**AIM OF THE TASK:**
Transcribe the entries below word for word, beginning at the line with "1pcs GR2 Ti" and stopping after the line with "Disc vinil, LP."; drop all pictures.
= Beginning of Section =
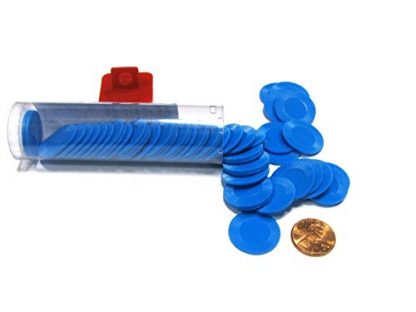 Koplow Games 50 Mini Poker Chips - Blue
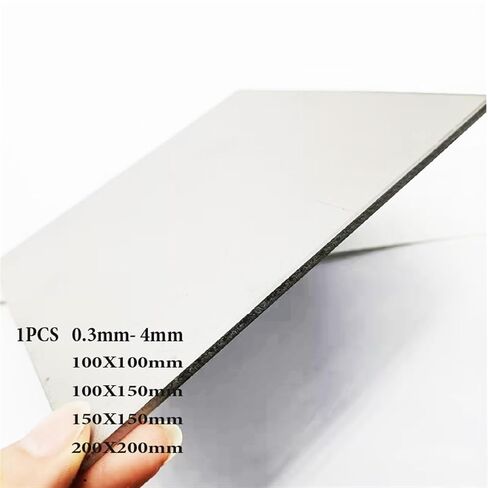1pcs GR2 Ti Sheet Plate 0.3mm- 4mm Titanium Sheet Titanium Titan Ti Alloy Ti Titanium Plate Sheet100X100/100X150/150X150/200X200(3x150x150mm) in Saudi Arabia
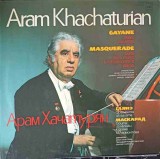 Disc vinil, LP. GAYANE (BALLET EXCERPTS). MASQUERADE (SUITE FROM MUSIC TO M. LERMONTOV&#039;S DRAMA)-ARAM KHACHATURIA, Clasica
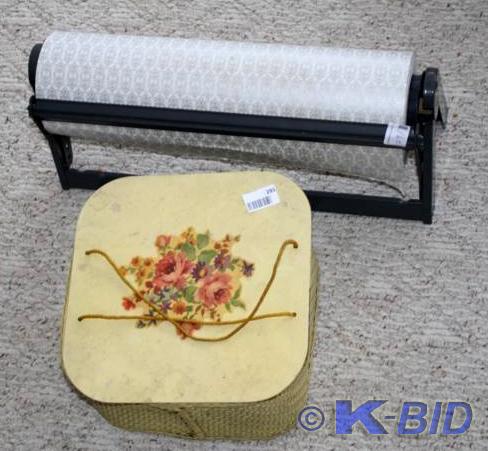 lot 291 image: antique sewing basket and old sore ...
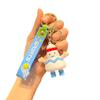 Creative Cartoon Badminton/Football/Table Tennis/Tennis/Basketball/Volleyball Keychain Backpack or Car Decoration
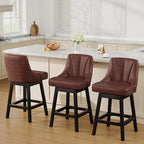 YaFiti Swivel Bar Stool 1 Pcs, 26 Inch Counter Height Bar Stools - Image 9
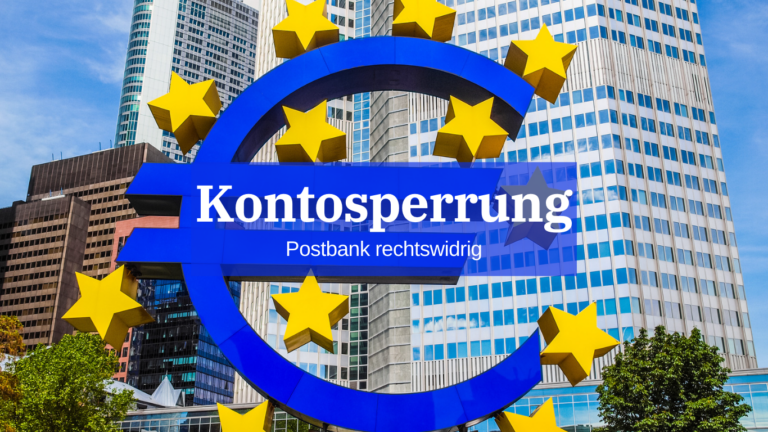 Dr. Thomas Schulte - Postbank Kontosperrung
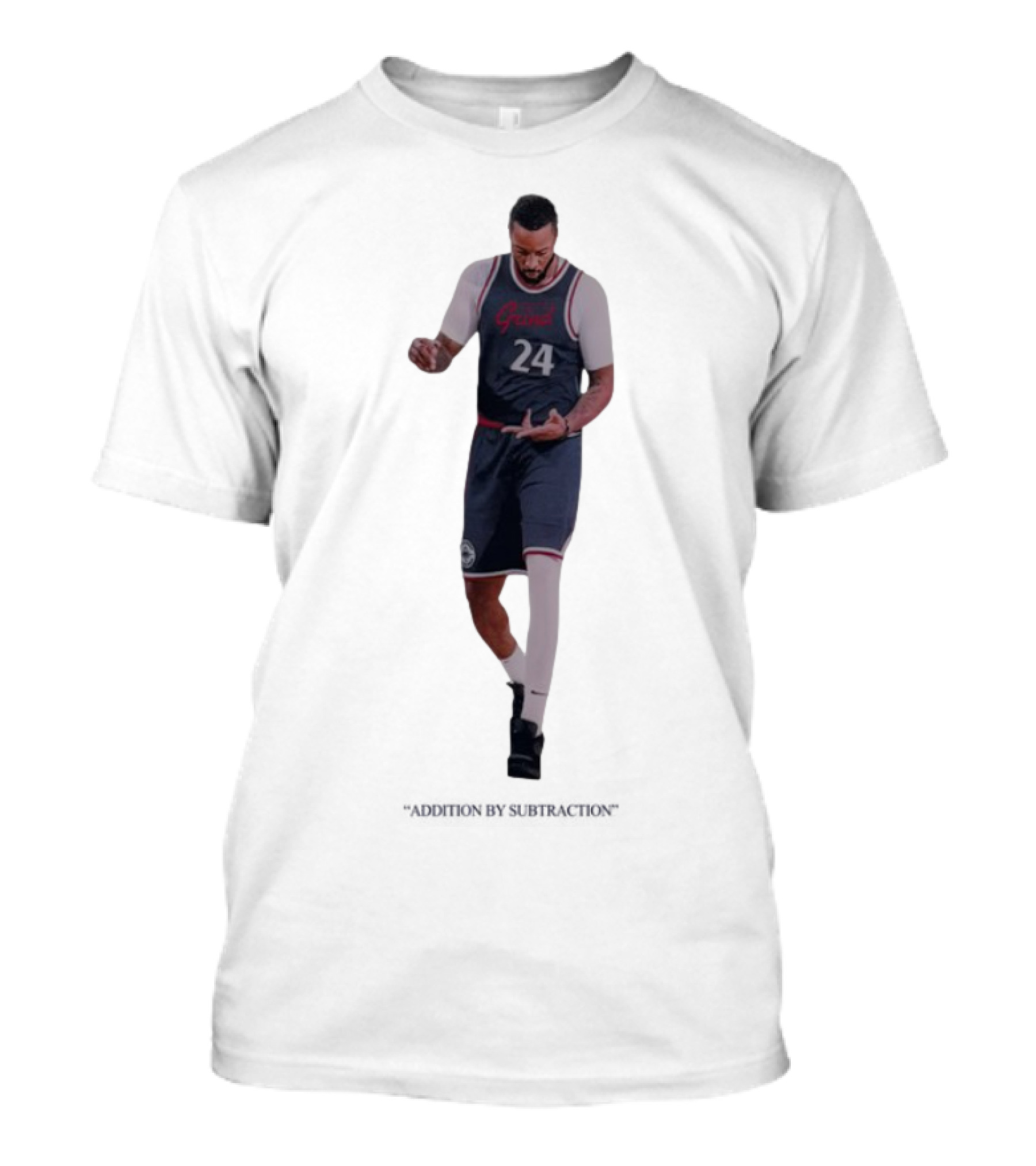 Norman Powell Grind 24 Basketball Addition By Subtraction T-Shirt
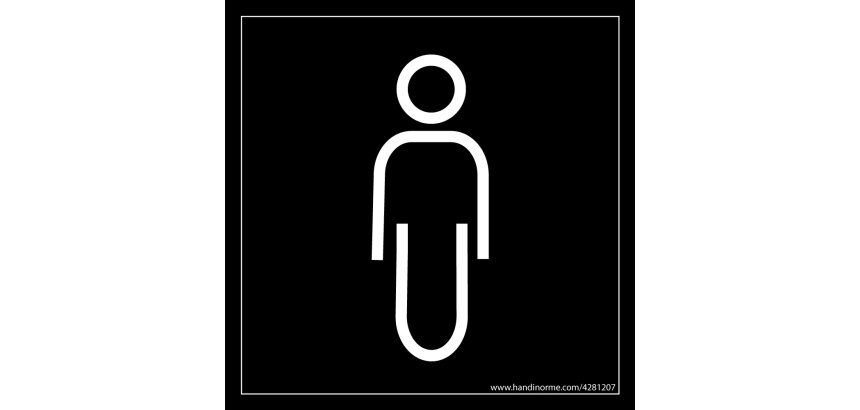 Panneau picto Homme Meri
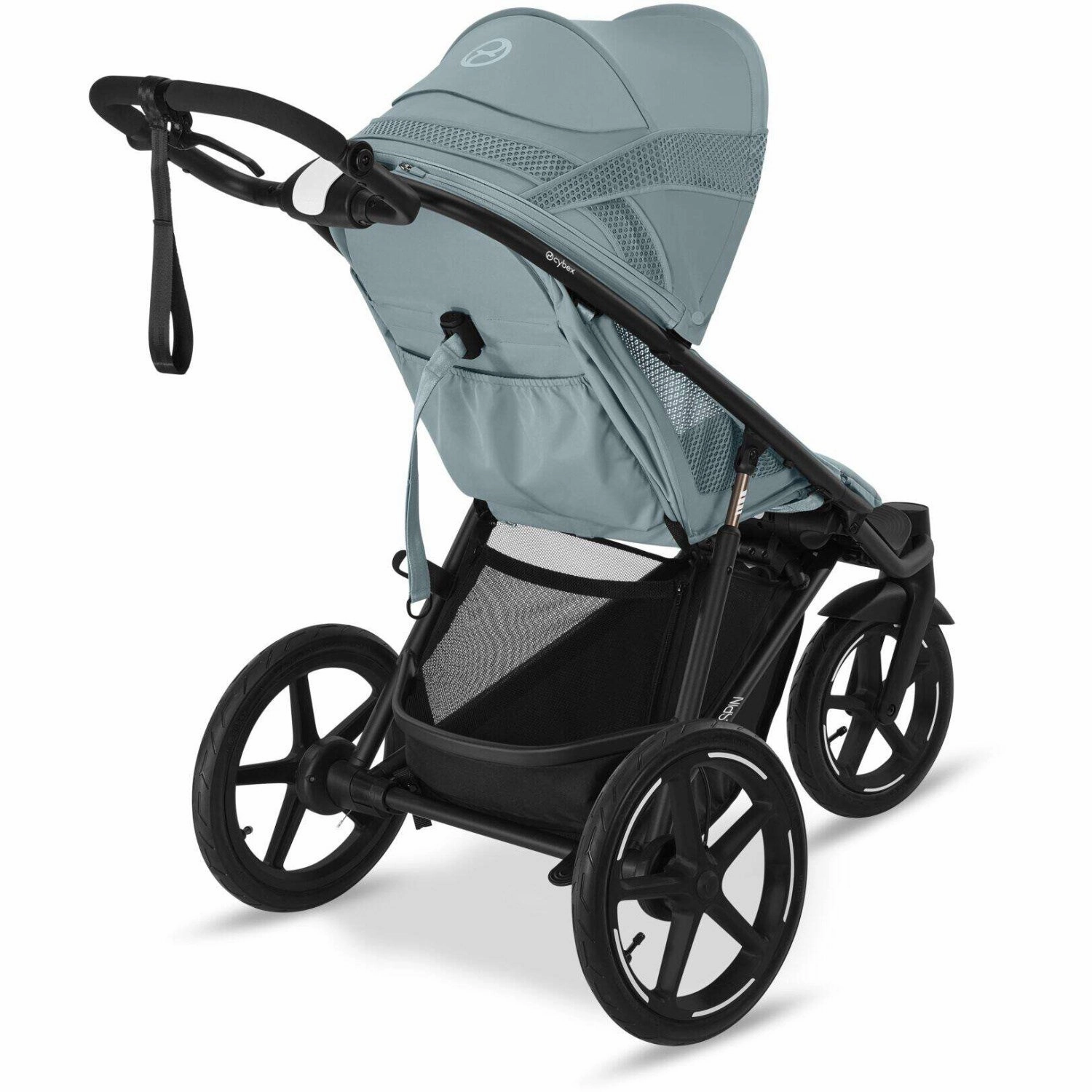 Cybex Avi Spin BLK Stroller Stormy Blue light blue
= End of Section =
**EXPECTED ANSWER:**
1pcs GR2 Ti Sheet Plate 0.3mm- 4mm Titanium Sheet Titanium Titan Ti Alloy Ti Titanium Plate Sheet100X100/100X150/150X150/200X200(3x150x150mm) in Saudi Arabia
 Disc vinil, LP. GAYANE (BALLET EXCERPTS). MASQUERADE (SUITE FROM MUSIC TO M. LERMONTOV&#039;S DRAMA)-ARAM KHACHATURIA, Clasica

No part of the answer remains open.